Metadata-Version: 2.1
Name: ClassifAIer
Version: 0.1.6
Summary: A library for text classification using LangChain embeddings and scikit-learn classifiers.
Home-page: https://github.com/AimTune/ClassifAIer
Author: Hamza Agar
Author-email: hamzaagareng@gmail.com
Classifier: Programming Language :: Python :: 3
Classifier: License :: OSI Approved :: MIT License
Classifier: Operating System :: OS Independent
Requires-Python: >=3.7
Description-Content-Type: text/markdown
License-File: LICENSE

# ClassifAIer

![coverage](https://img.shields.io/badge/coverage-95.83%25-green)
![tests](https://img.shields.io/badge/tests-7-blue)
![test_ratio](https://img.shields.io/badge/test_ratio-%25-yellow)
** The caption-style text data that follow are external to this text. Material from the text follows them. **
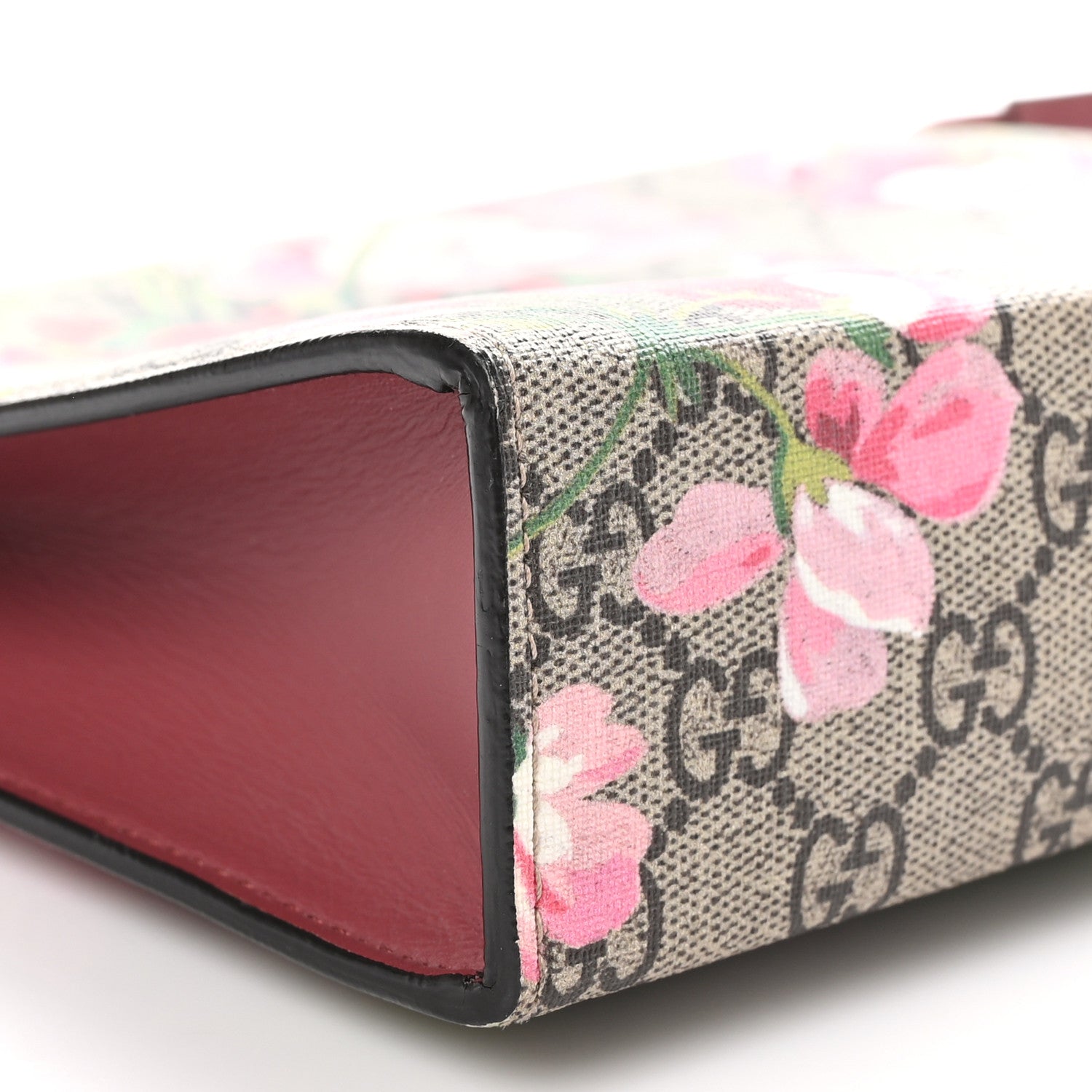 Gucci GG Supreme Monogram Blooms Large Cosmetic Case Beige Multicolor Dry Rose 9 of 10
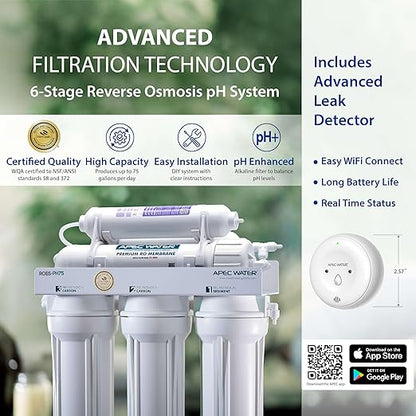 APEC WATER | Reverse Osmosis Water Filter, Alkaline 6-Stage RO System, pH+ Remineralization for Natural Spring Taste, Under Sink Filter WQA Certified Removes 1K+ Impurities, 75 GPD - Smart ROES-PH75LD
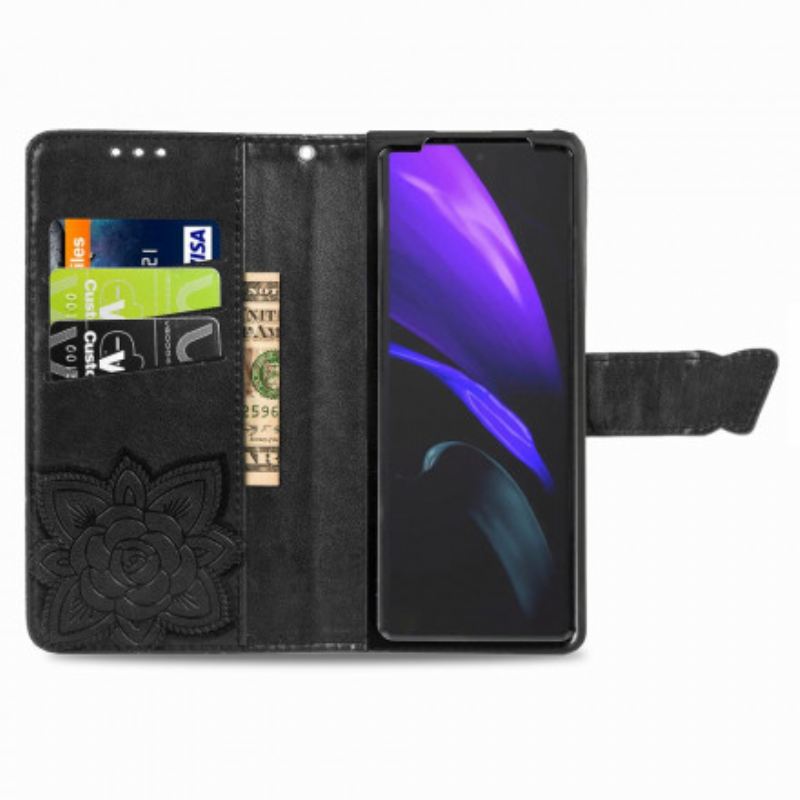 Kinyitható Tokok Samsung Galaxy Z Fold 2 Butterfly Design Zsinórral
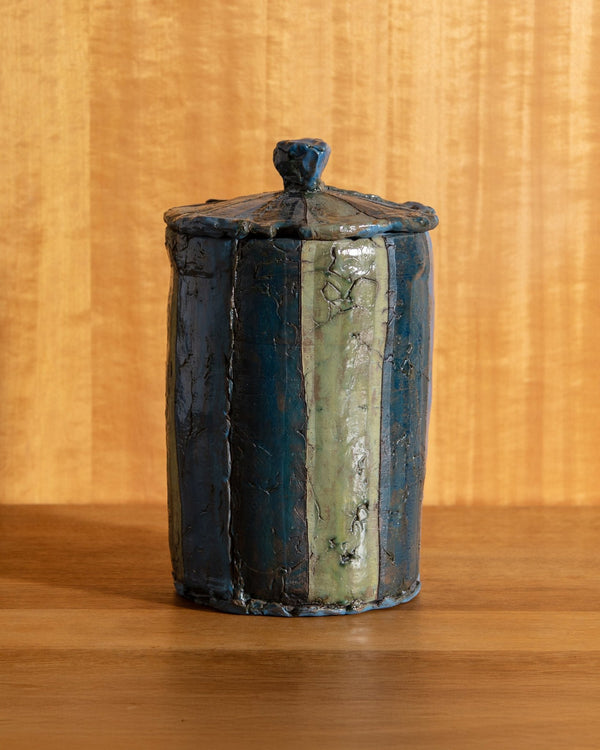Large Striped Lidded Studio Pottery Canister - Lone Fox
ClassifAIer is a Python library that combines **scikit-learn** classifiers with **LangChain** embedding libraries, enabling seamless text classification using embeddings from large language models. This library offers a user-friendly interface, allowing you to classify text data in a human-like manner.

## Features

- **Embedding Support**: Ability to work with embeddings from large language models like OpenAI and compatible with embeddings supported by LangChain.
- **Parametric Classifiers**: Compatibility with a wide range of classifiers from `scikit-learn` (e.g., `RandomForestClassifier`, `KNeighborsClassifier`, etc.).
- **Easy to Use**: Simplifies text classification tasks with a user-friendly API.
- **Save and Load**: Allows you to save and reload trained models for reuse.

## Requirements

To use this library, you need Python 3.7 or higher. The required packages will be automatically installed when you install this library.

- scikit-learn
- langchain-core
- langchain
- numpy

## Installation

You can install the required libraries using the following command:

```bash
pip install ClassifAIer
```

## Usage

```python
from classifaier import ClassifAIer
from langchain.embeddings import OpenAIEmbeddings
from sklearn.ensemble import RandomForestClassifier

# Initialize the embedding provider
embedding_provider = OpenAIEmbeddings(api_key='YOUR_API_KEY')

random_forest_classifier_params = {
    "n_estimators": 100,
    "max_depth": None,
    "min_samples_split": 2,
    "min_samples_leaf": 1,
    "random_state": 42
}

random_forest_classifier = RandomForestClassifier(**random_forest_classifier_params)

# Create a classifier instance
classifier = ClassifAIer(embedding_provider=embedding_provider, classifier=random_forest_classifier)

# Prepare your data
texts = ["İspanya Birinci Futbol Ligi (La Liga) ekibi Athletic Bilbao, golcü oyuncusu Aritz Aduriz'in sözleşmesini bir yıllığına uzattı.", "Piyasalar ABD'nin enflasyon verilerine odaklandı."]
labels = ["spor", "ekonomi"]

# Train the model
classifier.fit(texts, labels)

# Make predictions
predictions = classifier.predict_all(["Fildişi Sahili Milli Takımı'nın Belçikalı teknik direktörü Marc Wilmots görevinden ayrıldı.", "Borsa, günü yükselişle tamamladı"])
print(predictions)  # Output: ['spor', 'ekonomi']

# Save the model
classifier.save("my_classifier.pkl")

# Load the model
loaded_classifier = ClassifAIer.load("my_classifier.pkl", embedding_provider)
```

## Contributing

Contributions are welcome! If you have suggestions or improvements, please create a pull request or open an issue.

## License

This project is licensed under the MIT License. See the [LICENSE](LICENSE) file for details.